At the end of October, Shay and I made a trip down to Georgia for a special event. While Shay had lived there during the filming of
Andersonville, it was my first time on actual Georgia soil (though I had sat in the Atlanta airport with Mom and Dad waiting for our connection to Santo Domingo in December 2006).
Anyway, it was not only my first time in Georgia, but also my first immersion event. In this case it meant everyone was assigned a real person from the 1865 census and expected to be that person throughout the weekend, participating in pre-assigned vignettes and accomplishing certain goals.
Shay and I were William and Catherine Hobbs of Lumpkin, though for the weekend we were boarding at the Barr farmhouse (Mr. & Mrs.
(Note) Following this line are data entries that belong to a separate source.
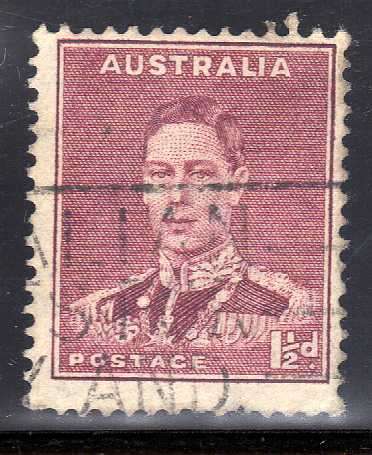 AUSTRALIA 1937-49 1,5d MAROON PERF 13,5 x 14 VERY FINE USED. SG 166. CAT 5,50 POUNDS.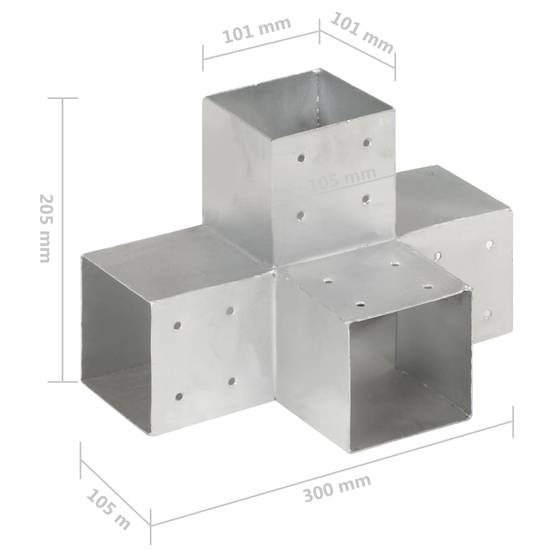 Connecteur de poteau métal galvanisé forme en X 101 x 101 mm, Poids :2.53kg - PANGIVO - Image 6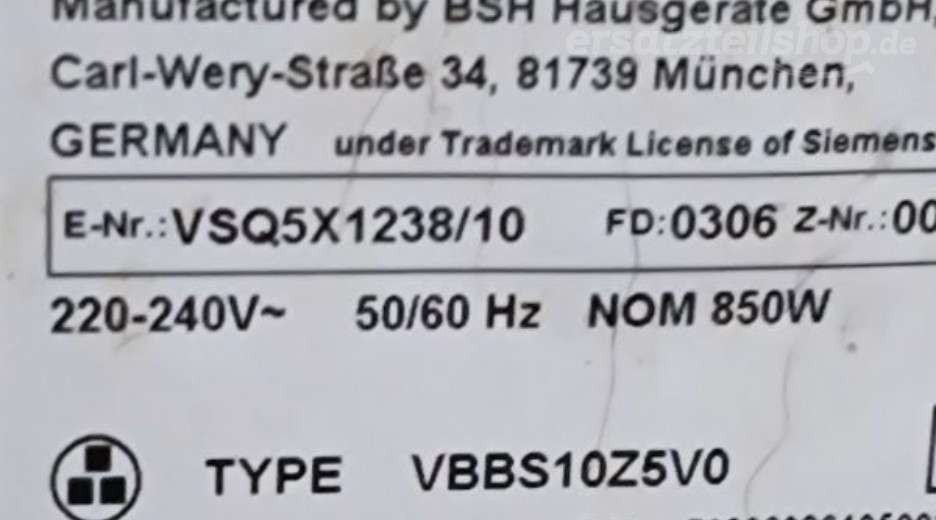 Typenschild Siemens VSQ5X1238/10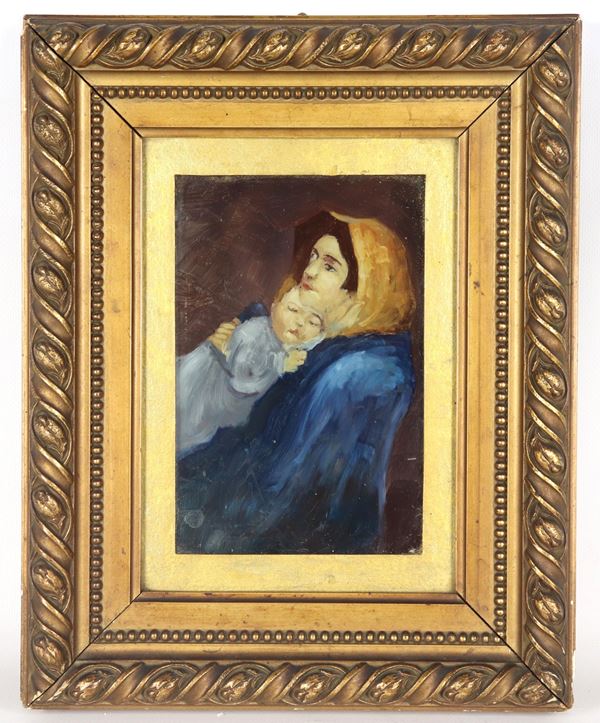 Pittore Italiano Inizio XX Secolo - "Madonna del riposo"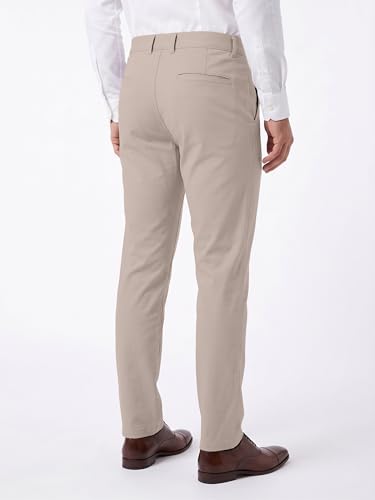 Image of Mehrang Men's Slim Fit Casual Mid Rise, Cotton Blend Trousers, Side Pockets || Classic Slim Fit Chino Pants || Business Casual Dress Trousers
Barr were our good friends, Mark and Beverly Simpson) in the fictional town of
Westville.
Shay was the town's tinsmith, but I still had to help out to earn money to pay for our meals. I tried selling a few things at the ersatz market, but that didn't add up to much so I needed to find something else to do. I considered peddling tinware, but I didn't think it was fitting or proper for a young, married lady to be out going door to door all on my own, and I could not find anyone to accompany me.
And then I found one of the greatest salesmen of all.
This adorable little redhead could talk her way into anything, including people's pocketbooks. So I made up some tin whistles and she and I started working our way around, practicing again and again why everyone needed one and how much they cost. To the townspeople she convinced them blowing the whistle would scare away the naughty, naught Yankees [soldiers] who were occupying our town. And to those soldiers she would remind them that they promised to take care of us and buying a whistle would help us buy our meal.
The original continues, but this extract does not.